What the exercise asks
Each line from the one containing "Image 30 of 35 For 351 Pine Avenue" to the last line of the listing below is to be duplicated exactly, and no picture is to be carried over.

Given data
▼

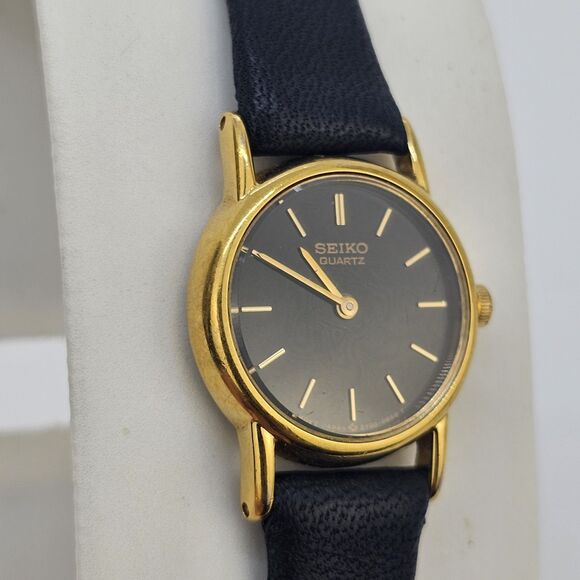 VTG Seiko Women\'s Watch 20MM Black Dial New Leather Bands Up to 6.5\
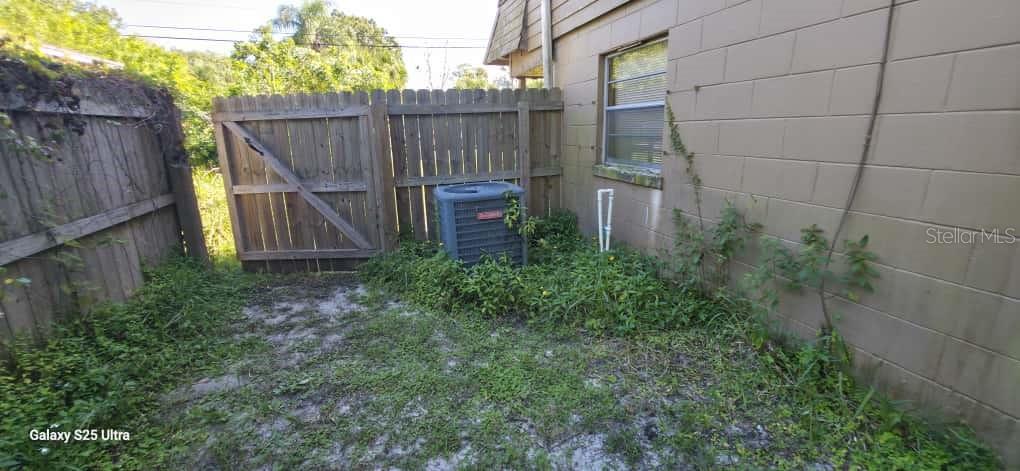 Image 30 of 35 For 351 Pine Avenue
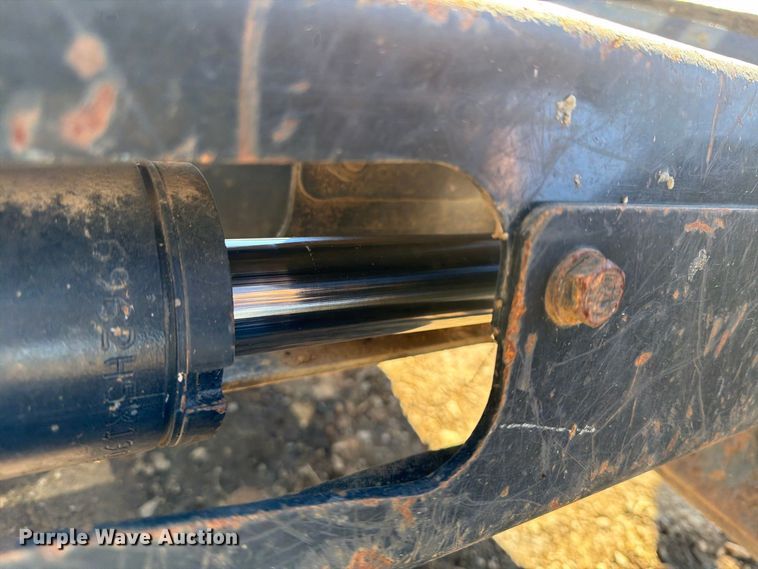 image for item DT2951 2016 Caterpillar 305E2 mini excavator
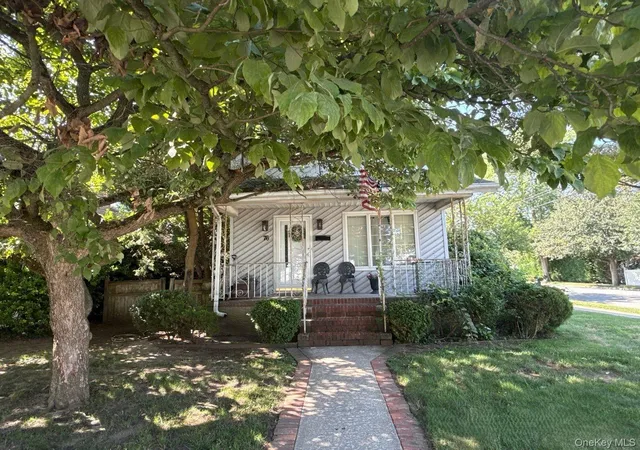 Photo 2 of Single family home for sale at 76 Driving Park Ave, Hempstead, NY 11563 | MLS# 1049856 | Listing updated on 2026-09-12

▲

Written response
 Image 30 of 35 For 351 Pine Avenue
 image for item DT2951 2016 Caterpillar 305E2 mini excavator
 Photo 2 of Single family home for sale at 76 Driving Park Ave, Hempstead, NY 11563 | MLS# 1049856 | Listing updated on 2026-09-12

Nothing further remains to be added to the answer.